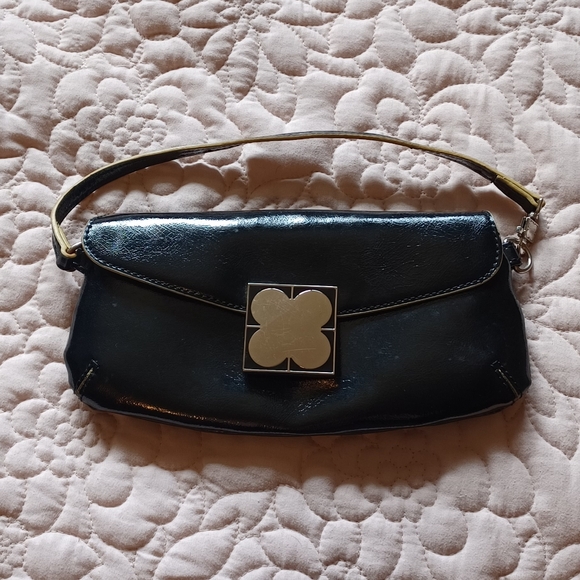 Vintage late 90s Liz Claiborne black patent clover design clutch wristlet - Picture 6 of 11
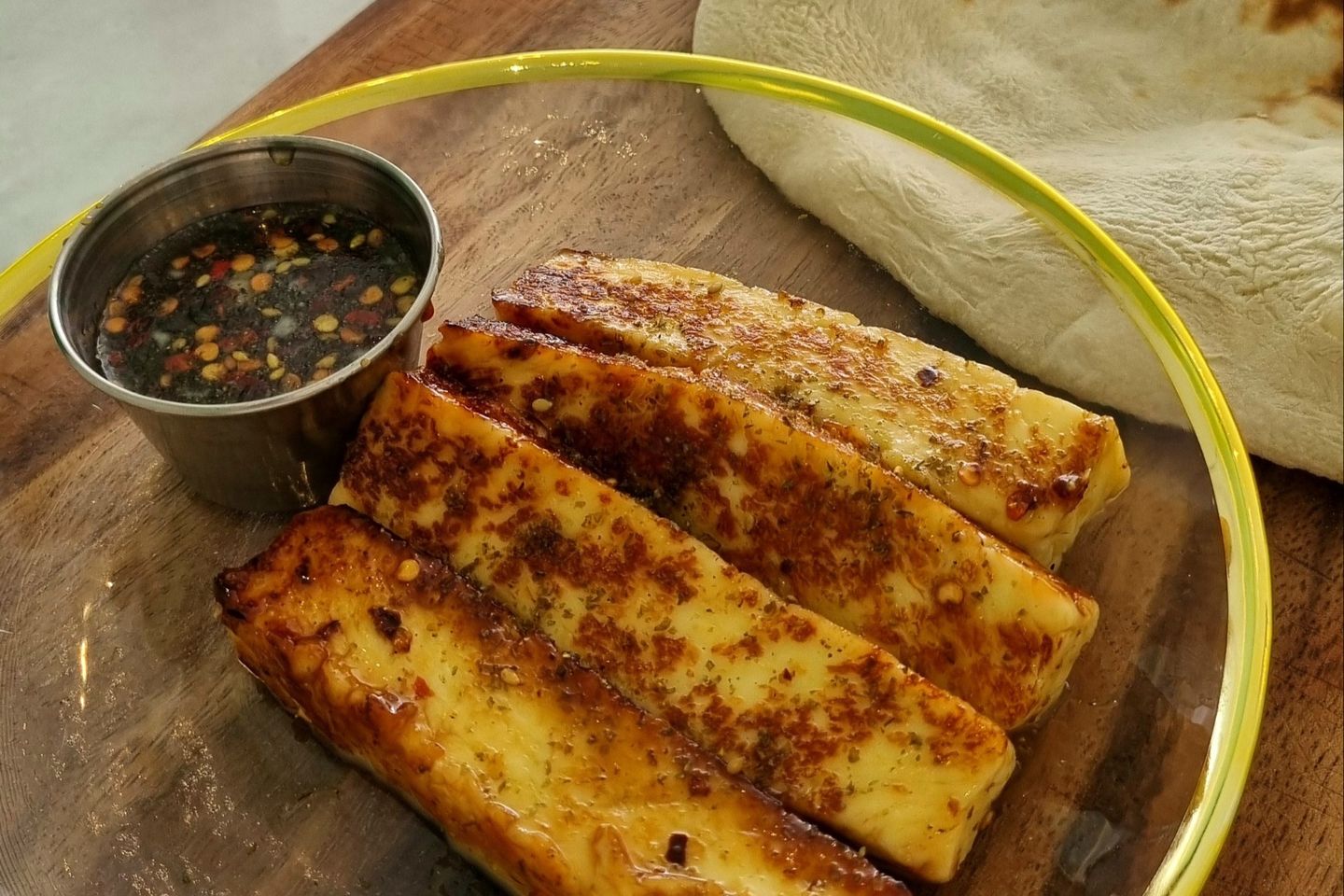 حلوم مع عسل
---
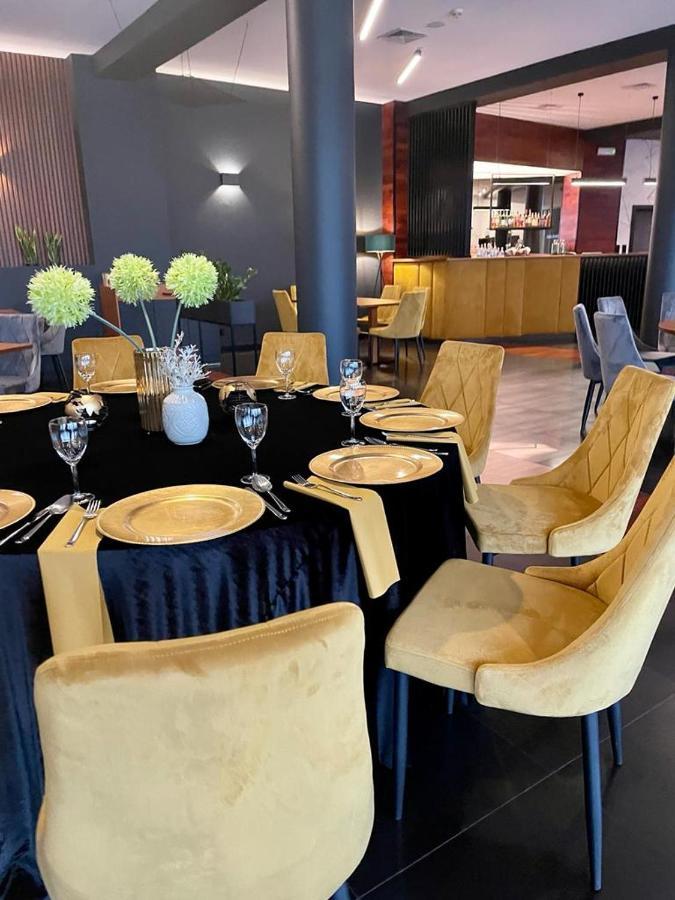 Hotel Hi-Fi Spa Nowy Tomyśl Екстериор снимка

- **Exercise**: Using the data above, print only the lines starting at the one with "Vintage late 90s" and ending at the one with "حلوم مع عسل", exactly as they stand, minus the pictures.

- **Answer box**:
 Vintage late 90s Liz Claiborne black patent clover design clutch wristlet - Picture 6 of 11
 حلوم مع عسل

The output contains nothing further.